Source data:
______________________________
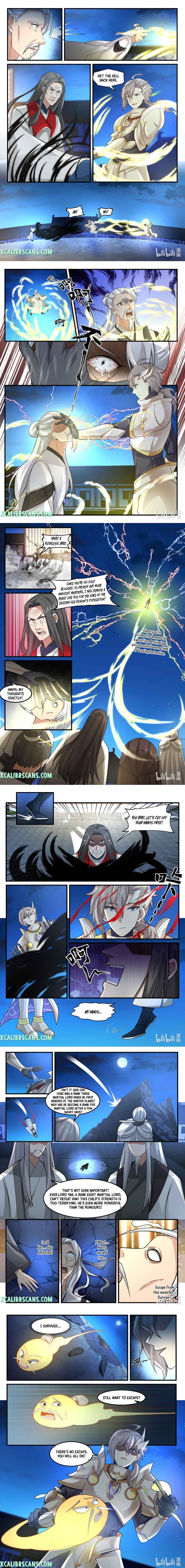 Martial God Asura Chapter 561 - Page 2
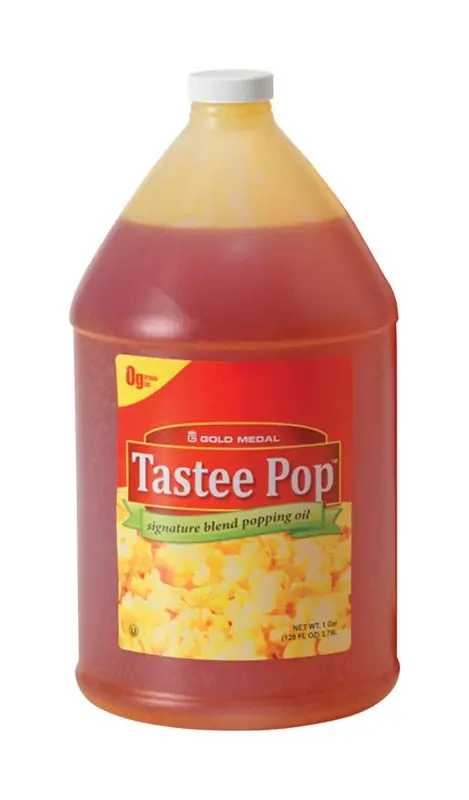 Gold Medal Tastee Pop Popcorn Oil 1 Gal Jug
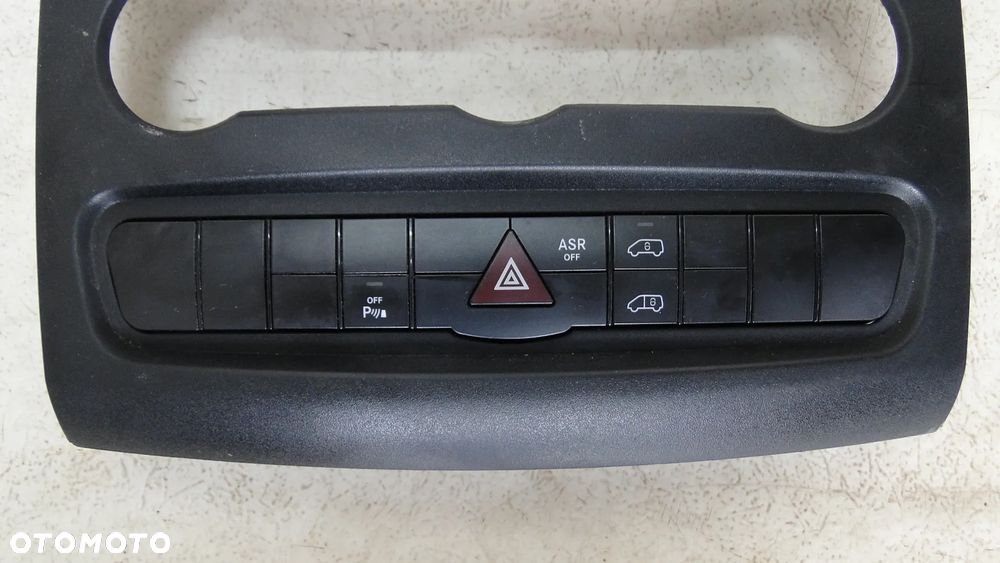 VW CRAFTER I SPRINTER 906 PANEL PRZEŁĄCZNIK AWARYJNYCH OSŁONA EUROPA - 3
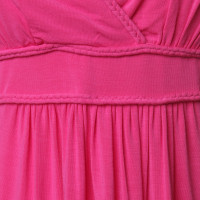 Allude Maxi jurk roze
______________________________
Assignment: In the copy, no pictures are to appear; write out exactly the lines from the one containing "VW CRAFTER I" through the end of the listing above and no further lines.

Output of the task:
 VW CRAFTER I SPRINTER 906 PANEL PRZEŁĄCZNIK AWARYJNYCH OSŁONA EUROPA - 3
 Allude Maxi jurk roze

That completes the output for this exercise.